Problem to solve
Give back, word for word, the line that contains "Volkswagen T-Cross (2023) — foto 1" and all lines after it in the material, through the last; please include only these.

- Opening Delimiter -

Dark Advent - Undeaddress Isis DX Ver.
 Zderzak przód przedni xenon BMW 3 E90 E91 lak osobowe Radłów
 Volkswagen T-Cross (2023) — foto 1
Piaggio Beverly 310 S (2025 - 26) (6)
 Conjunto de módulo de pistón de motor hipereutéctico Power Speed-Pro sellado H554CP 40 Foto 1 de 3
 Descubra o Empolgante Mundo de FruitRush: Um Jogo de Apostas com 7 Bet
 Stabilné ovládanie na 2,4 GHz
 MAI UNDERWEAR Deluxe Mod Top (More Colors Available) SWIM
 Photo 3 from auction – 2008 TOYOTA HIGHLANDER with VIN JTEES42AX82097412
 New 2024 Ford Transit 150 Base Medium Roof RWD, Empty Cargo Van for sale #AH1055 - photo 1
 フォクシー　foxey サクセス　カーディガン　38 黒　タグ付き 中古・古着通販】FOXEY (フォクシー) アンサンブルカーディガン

- Closing Delimiter -

Your response
 Volkswagen T-Cross (2023) — foto 1
Piaggio Beverly 310 S (2025 - 26) (6)
 Conjunto de módulo de pistón de motor hipereutéctico Power Speed-Pro sellado H554CP 40 Foto 1 de 3
 Descubra o Empolgante Mundo de FruitRush: Um Jogo de Apostas com 7 Bet
 Stabilné ovládanie na 2,4 GHz
 MAI UNDERWEAR Deluxe Mod Top (More Colors Available) SWIM
 Photo 3 from auction – 2008 TOYOTA HIGHLANDER with VIN JTEES42AX82097412
 New 2024 Ford Transit 150 Base Medium Roof RWD, Empty Cargo Van for sale #AH1055 - photo 1
 フォクシー　foxey サクセス　カーディガン　38 黒　タグ付き 中古・古着通販】FOXEY (フォクシー) アンサンブルカーディガン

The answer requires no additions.